Author: Andrew van der Stock

  • Advogato – 20 July 2000

    20 Jul 2000 »

    Went to the Compaq GS series launch today. Big Iron. mmmm. 1-32 processors today, 1-48 processors soon. Kicks ass.
    Made contact with Compaq Australia to try and get some eval kit to test multiple bus alpha boxes.

    life

    Watching Springer. A guy just grotted a nose booger on the show – without a hanky or anything. The audience don’t like him. Of course, he’s sleeping with his girlfriend’s roomy and some guy. Lots of bare breasts and beatings tonight too.

    What a classy show. I love it. BLEEEEEP.

  • Advogato – 18 July 2000

    18 Jul 2000 »

    Received some hate mail from lkml weenies after another of my semi-infamous I18N outbursts. What’s the problem with I18N that sends certain types scurrying for the lowest form of flamage?
    To all those who sent me hate mail: FUCK YOU and grow up.

    I’d like to see you grapple with your ASCII-only code and blinkered mindset if you spoke and wrote only Hindi or Arabic.

    The fans are still annoyingly loud.

  • Advogato 17 July 2000

    17 Jul 2000 »

    This room is like being next to a small jet engine. Does anyone have a supply of ATX DC connectors and a 5 or 8 port 48 VDC output somewhere in Australia? I’m sick of all the damn fans. I have (count em!) 12 fans in four active PC’s. CPU fans, case fans. Back end fans because the case fans suck and cause the dang thing to overheat.

    I need quiet fans, ones with low friction and noise bearings or preferably no fans.

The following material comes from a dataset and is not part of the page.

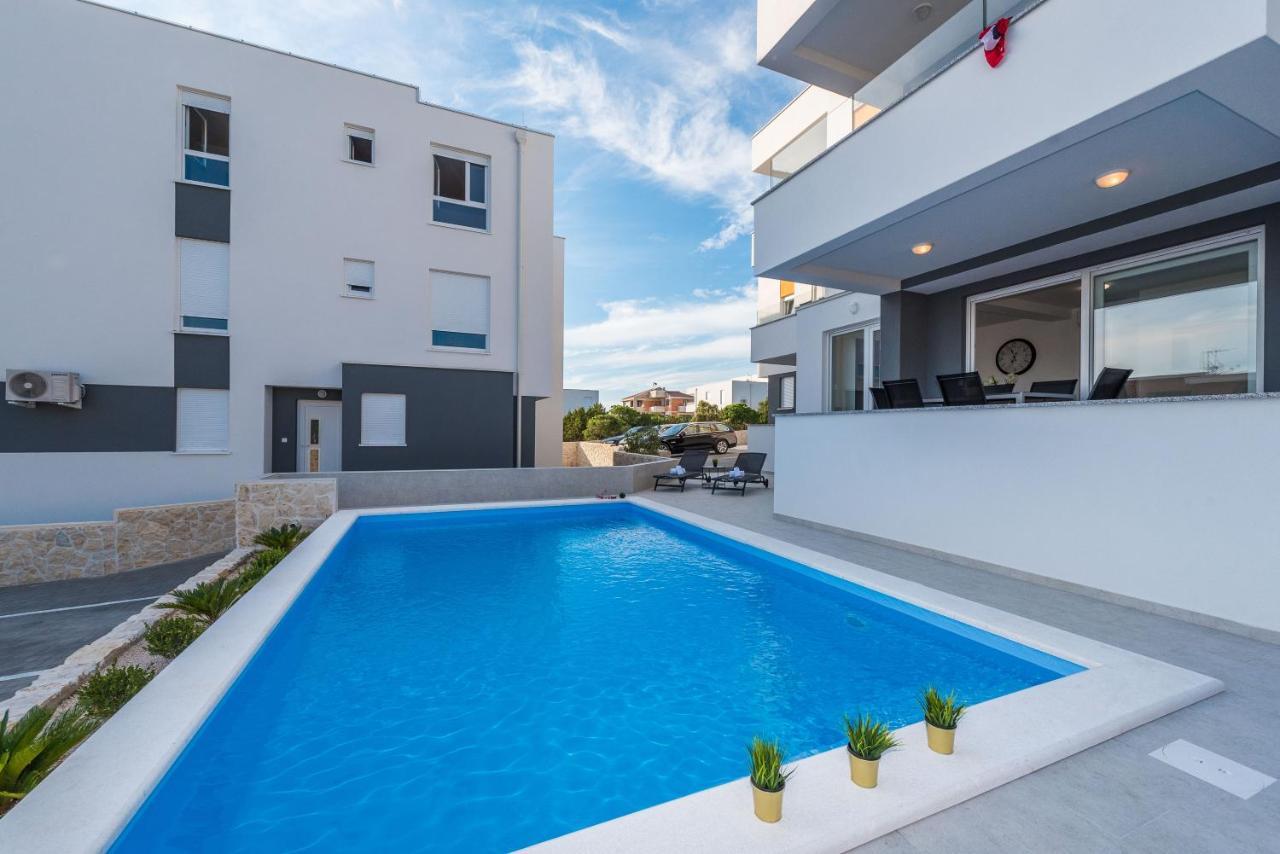 Pool Apartments Banta B Novalja Exterior foto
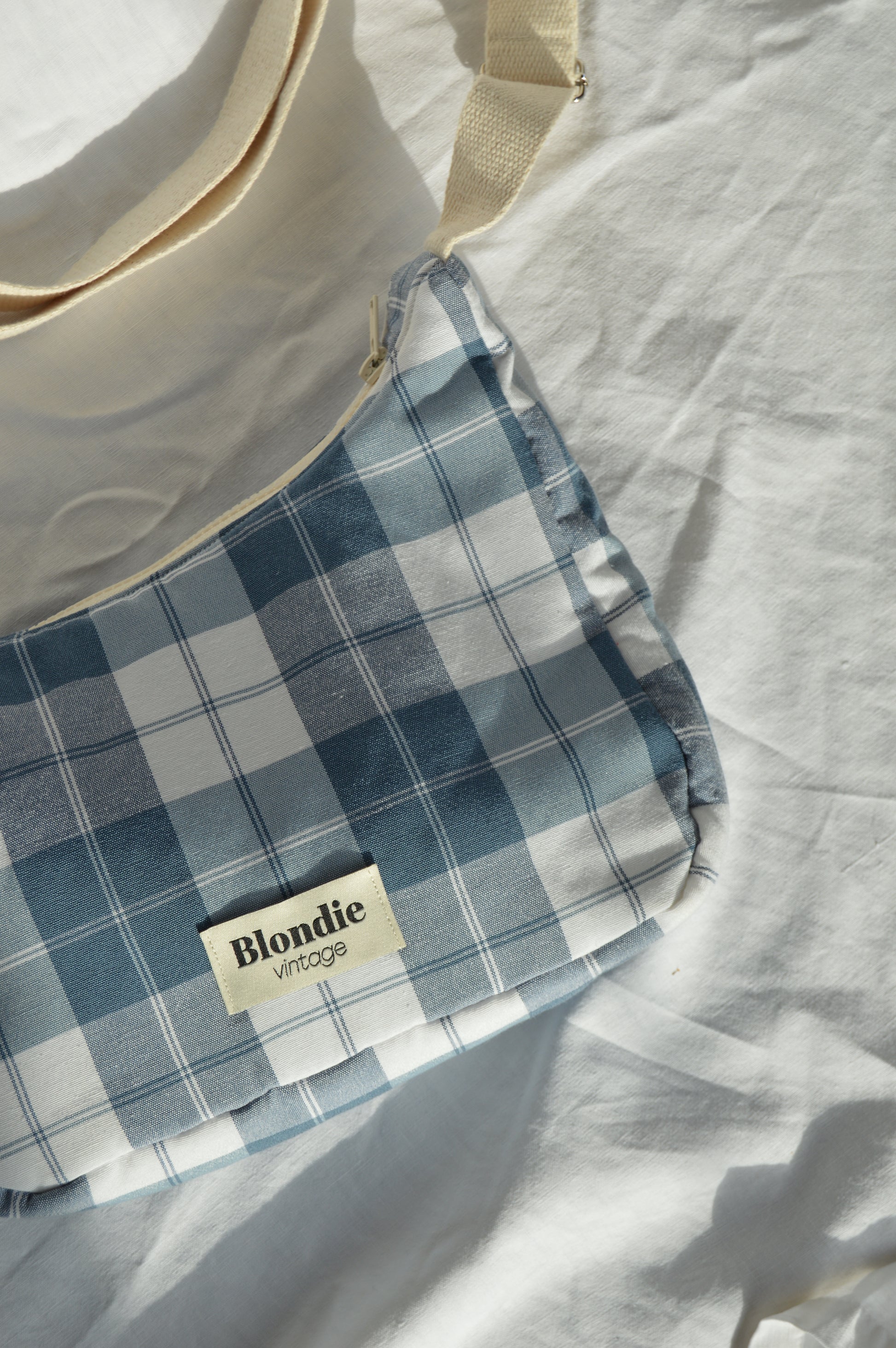 Sac crossbody carreaux bleu fabriqué à partir de tissus vintage mode durable mode responsable fabriqué à la main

Fans fans fans ARRRRRGH

    I need to lie down.

  • Advogato – 15 July 2000

    15 Jul 2000 »

    After a typical day of waiting for delivery people (“It’ll be there between 7 am and midday” – the lady confirming my delivery the night before), my shiny new Sony Wega 68 cm TV arrived – at 1.10 pm. This delayed breakfast somewhat 🙁 We eventually got our eggs benedict avec salmon, mushies and tomato about 1.45 pm.
    We watched the Matrix, of course (it’s my reference DVD), and then LA Confidential as a friend hadn’t seen it before. After dinner at Kentucky Fried Dog, we hired two movies, The Right Stuff (it’s sooo long), and US Marshalls (oldie but a goodie).

    Hackery

    I have a funny feeling that Linux’s “generals” do not use non-Intel platforms. They pumped out 2.4.0-test4 without testing on alpha again, even though there was a patch to fix the problem. I’ll chase it down again.

    The 60’s show

    I’m watching my new shiny TV set, and there’s a song by “Titan” or some similar bogus name, that could be straight out of the late 60’s or early 70’s. Don’t they realise that this time period, both musically and fashion wise sucked big time? The band even went to the ends of going low-tech and compressing the sound and it feels mono to me. What’s wrong with the idea of Saturday night being left to modern* techno/dance music?

    * if it’s more than two weeks old, it’s passe.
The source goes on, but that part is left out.